Il me semble que j’exagère.

Jeudi 10 sept. 25


Mon cher Ami,

Voici les manuscrits de Pia et de Lecomte. J'ai lu le dernier n° de la nrf. La correspondance de Rivière et de Claudel mise à part, je l’aime assez peu. Peut-être est-ce cette correspondance, et tout ce qu’elle renferme de grave et d’essentiellement humain, qui me fait traiter le reste avec un peu de dédain. Alibert, Carco (Quelle, et si fine et si cruelle, que soit ta pointe, fine abeille – Pique du sein etc.) : c’est beaucoup moins joli que Voiture et même que Benserade. Les pages de Cassou sont à peu près insignifiantes. (On dira que cela rappelle la mousse du champagne – mais je n’aime que le vin de bourgogne, qui enivre le corps et l’âme, et par dessus tout l’eau, qui enivre bien plus (voir Gide). Vitrac, je n’en dirai rien, parce que vous m’avez paru goûter ses pages ; je dois donc me tromper, moi qui ne vois là que vent et trompette en carton. Quant à la lettre d’Aragon, j’en suis vraiment déçu ; on

n’y trouve même pas ces exercices habiles de littérature qui sont le meilleur de lui-même. Ça ne vaut pas mieux que le Drieu.

Je Voici les épreuves de ma note autour de Hardy (je voyais et j’espérais que vous y auriez fait de larges coupures).

Si vous voulez bien m’écrire à propos de Monique, je vous demanderai de le faire le plus nettement qu’il ne vous soit pas déplaisant de faire. Je voudrais savoir, en particulier, si vous accordez à ce récit la même sympathie que vous vouliez bien donner à Terres Etrangères. Au reste, la petite préface que j’ai mise en tête de ces 2 récits a pu vous montrer que je ne les tiens l’un et l’autre que pour des ébauches, par rapport à ce que je rêverais de faire.

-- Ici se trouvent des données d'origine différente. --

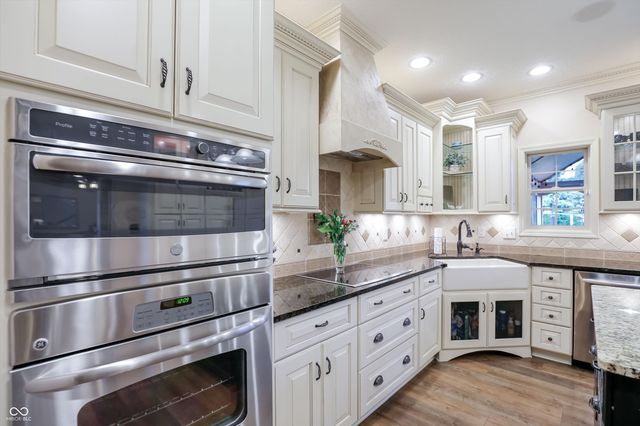 4401 Brittany Drive, Zionsville, IN 46077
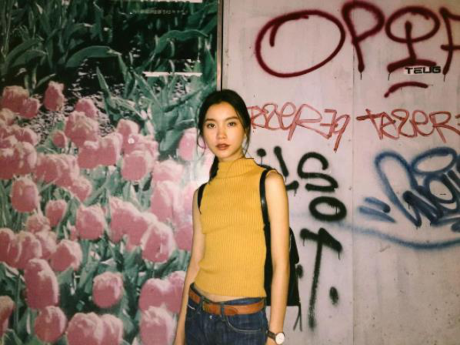 Quay trở lại với Jularat, cô sở hữu gương mặt xinh đẹp với ngũ quan thanh tú, làn da trắng, mịn cùng gu thời trang khá chất. Chính bởi vậy, cư dân mạng đã không ngần ngại tôn cô lên làm "Nữ thần sắc đẹp" Thái Lan.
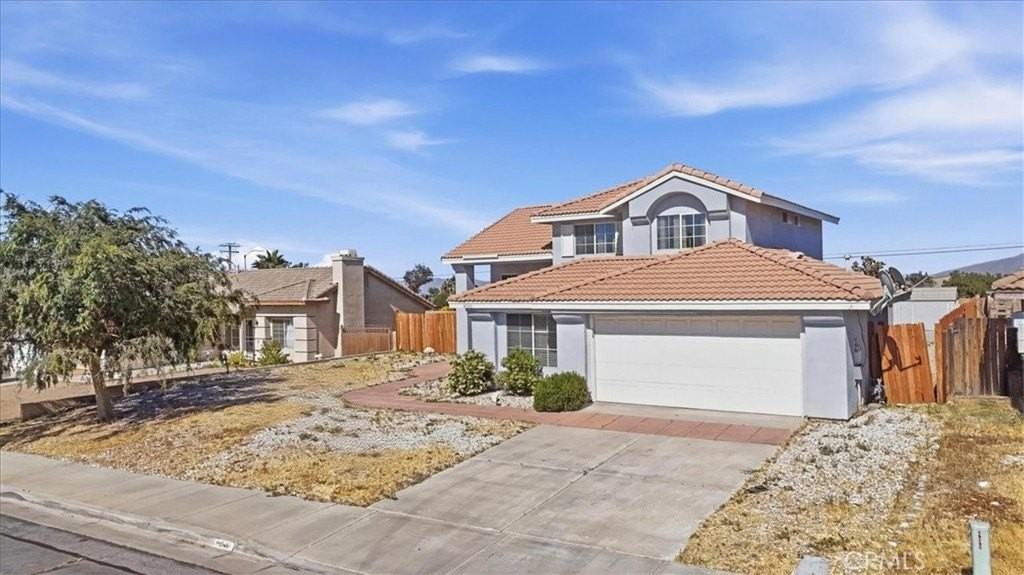 8541 Dove Creek Trl - Photo 4 of 42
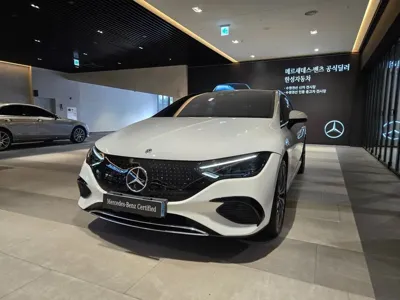 Mercedes-Benz EQE · 2022 год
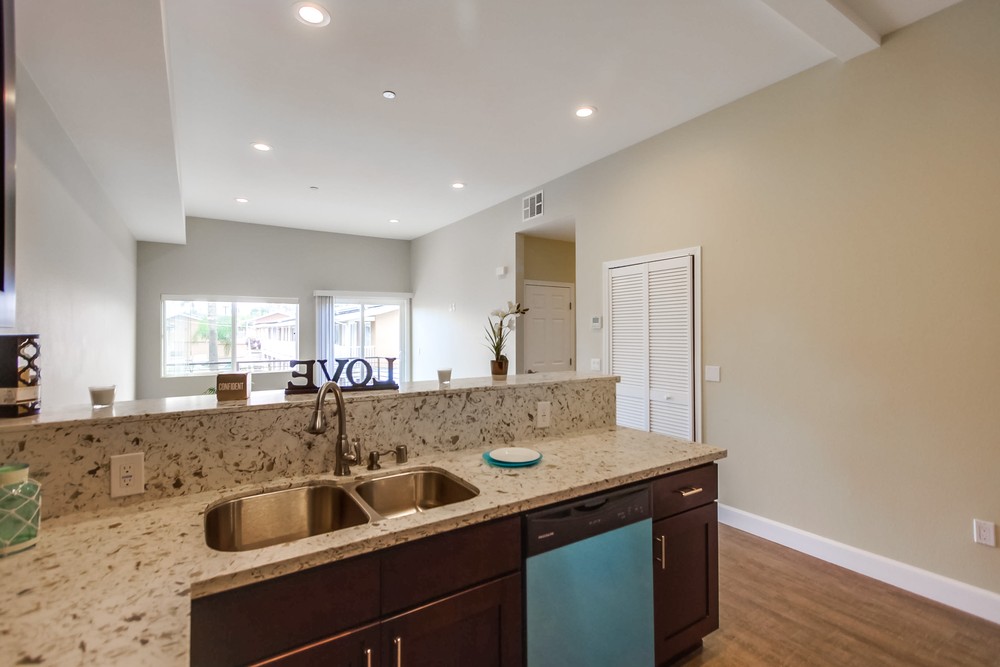 Virtual tour photo 18 of 40 for 2266 W Dunlop St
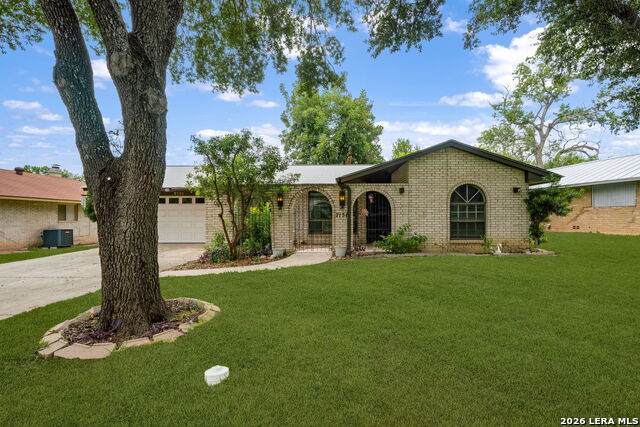 7131 Forest Brk - Photo 1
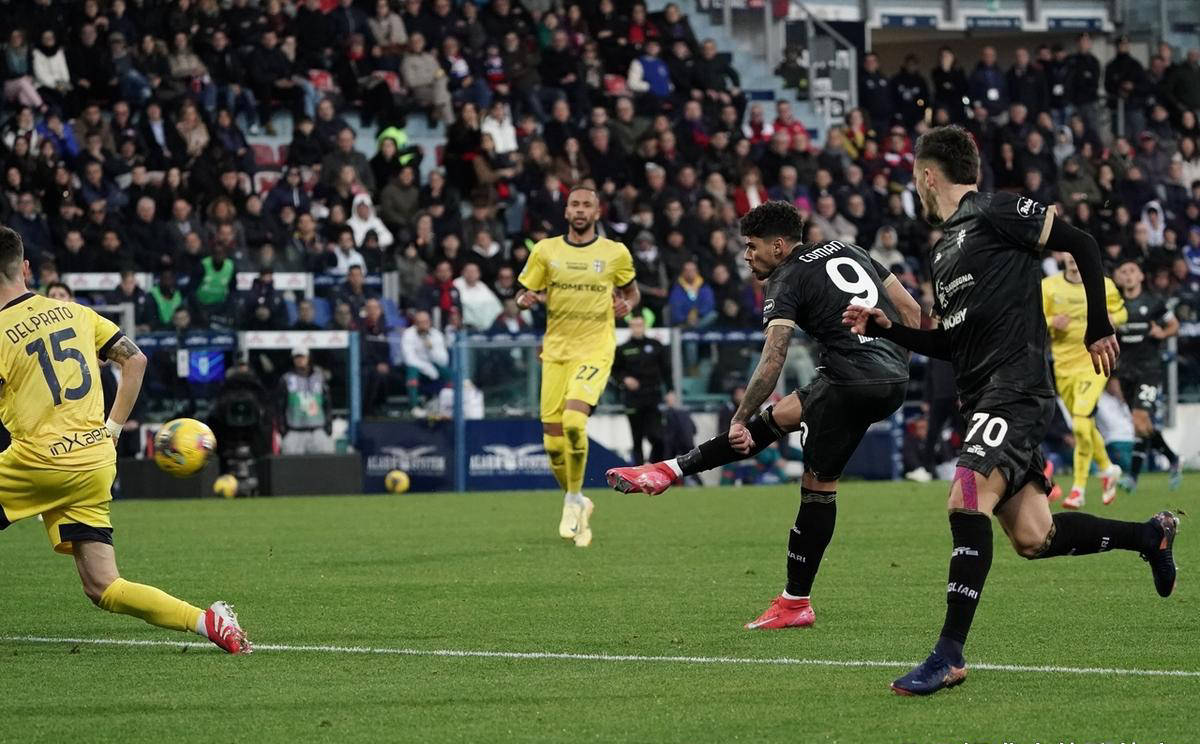 克罗托内主场战平卡利亚里,豪取四轮不败 克罗托内主场战平卡利亚里,豪取四轮不败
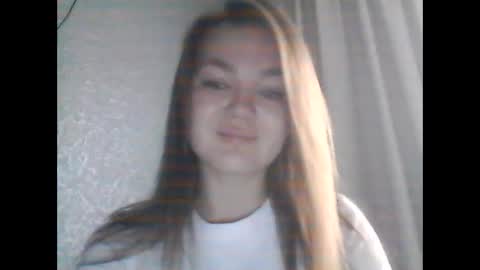 loviesimone online show from September 27, 8:43 am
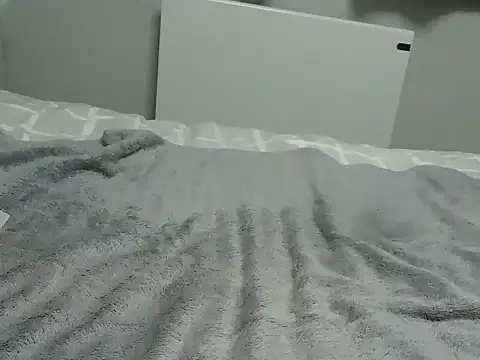 Snapshot of shysuckinguy chatting on 15, 1, 2025 shysuckinguy online show from 15, 1, 2025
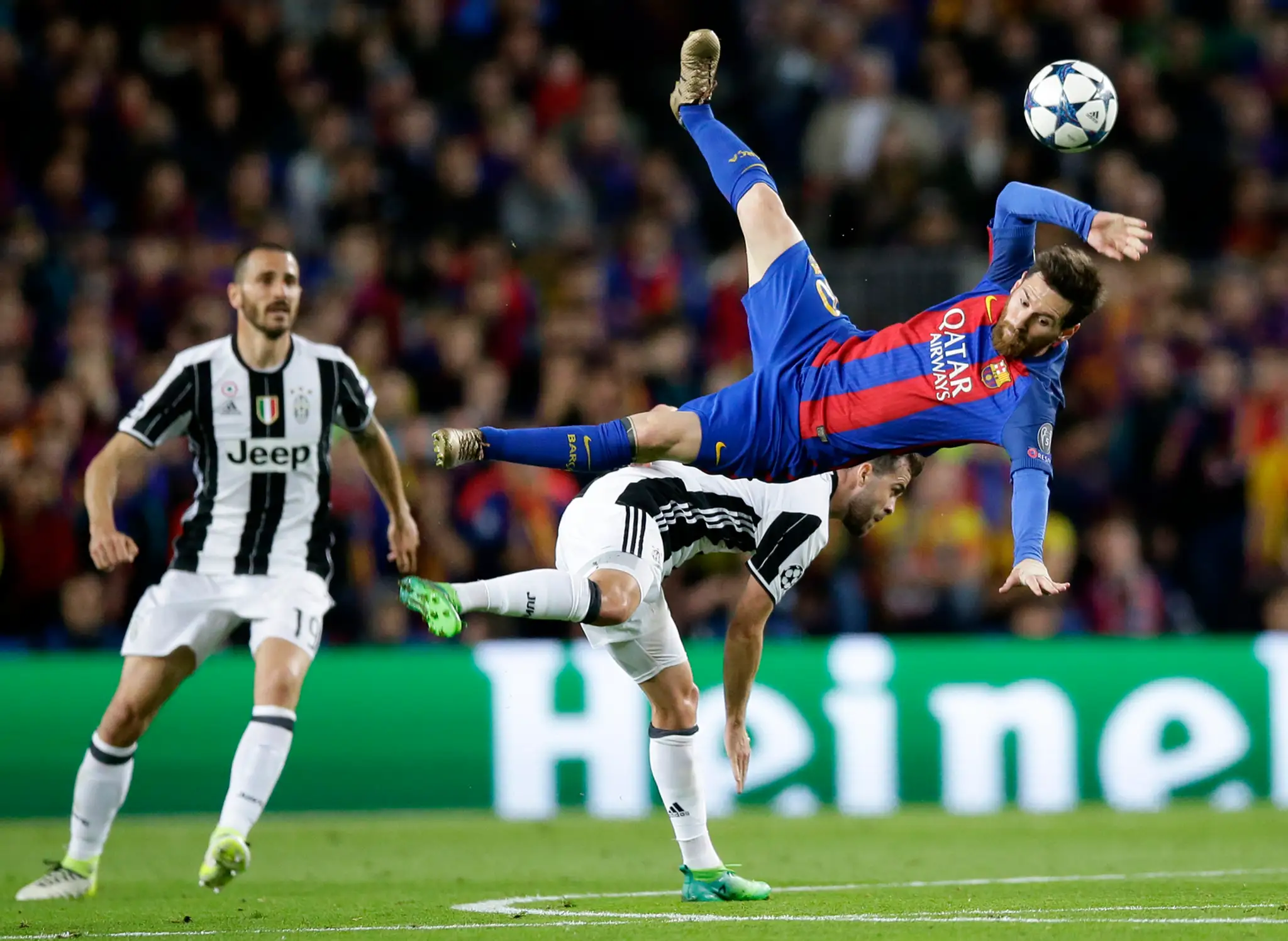 Lionel Messi (vpravo) z Barcelony padá na zem po súboji s Miralem Pjaničom z Juventusu v odvete štvrťfinále LM.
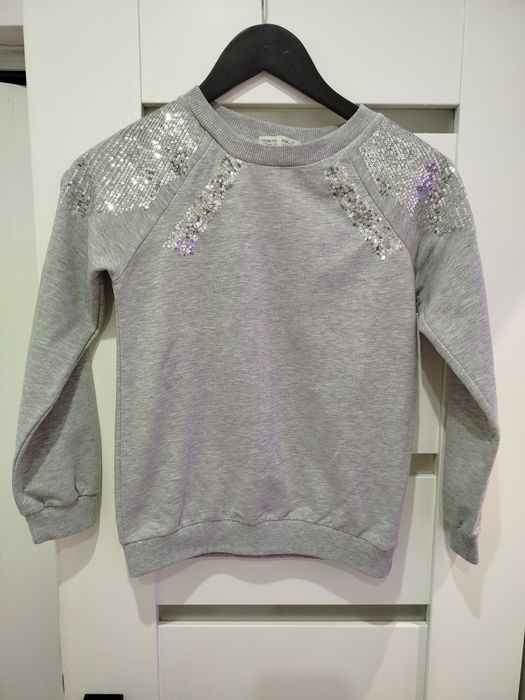 Bluza z cekinami r.146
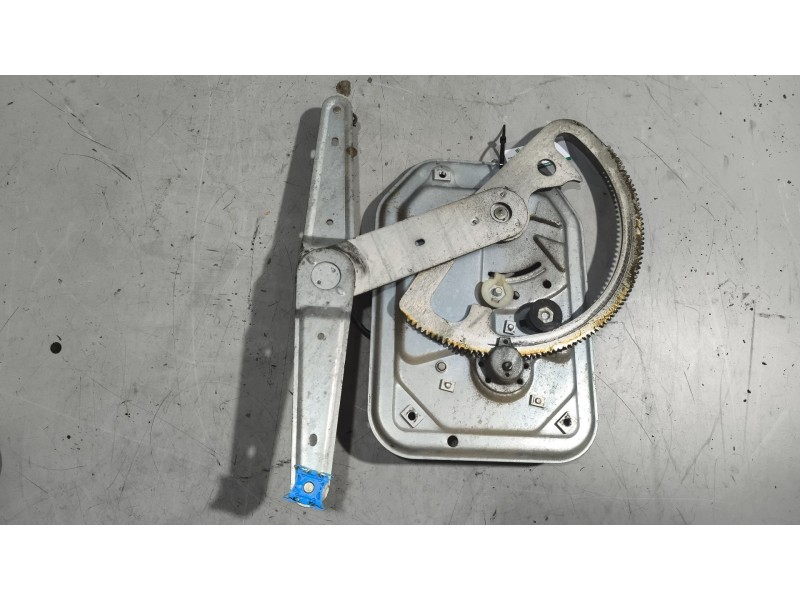 Recambio de elevalunas delantero derecho para scania r i r 500 referencia OEM IAM   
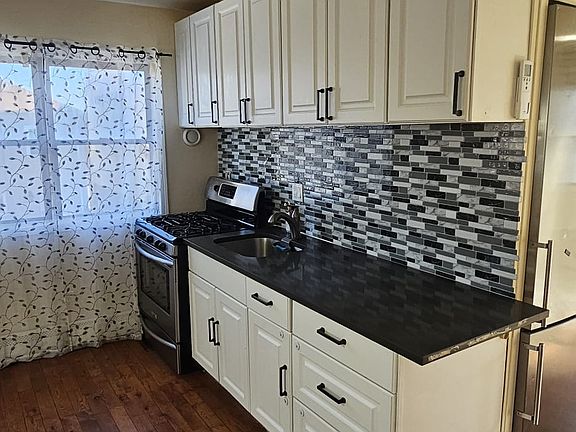 5th image of 811 Hollywood Ave #2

Je pars dans 2 ou 3 jours. Donc, l’épreuve corrigée de mon Essai, ou l’épreuve définitive, que je vous avais demandée, puis-je vous prier de me l’adresser d’ici à 15 ou à 20 jours, c’est à dire d’ici à mon retour ? Je voudrais m’en débarrasser, le plus tôt possible, en le donnant en plaquette. Sinon je serai obligé de le recommencer. D'ailleurs cette plaquette ne paraîtrait guère, comme vous me le disiez, qu’en janvier.

Votre ami

M. Arland

Puis-je aussi savoir si Commerce publie ou non les pages que je lui avais données ? – Et toute cette lettre est bien pleine de littérature.

T.S.V.P

J'ai poursuivi la remarque que vous avez ébauchée dans l’une de vos dernières lettres à propos de la vie et de l’humain dans l’oeuvre d’art. Vous avez raison. Ce sont là non des qualités d’ « extérieur », et à peine même des qualités volontaires ; elles se dégagent de la structure intime de l’oeuvre. Le théâtre de Marivaux, par exemple, m’apparaît cent fois plus vivant et plus humain que celui de Regnard et de Le Sage.

+ Quand ce méridional d’Aragon (et pardon, je sais que vous êtes de Nîmes) s’engage à mourir pour le mot : république, comment ne voit-il pas qu’il fait le même abus de mot que Drieu commet en parlant des « belles disciplines de la joie » et en parlant de Dieu.

Aragon est bien de l’époque Cocteau. Ils se prennent à leurs grimaces.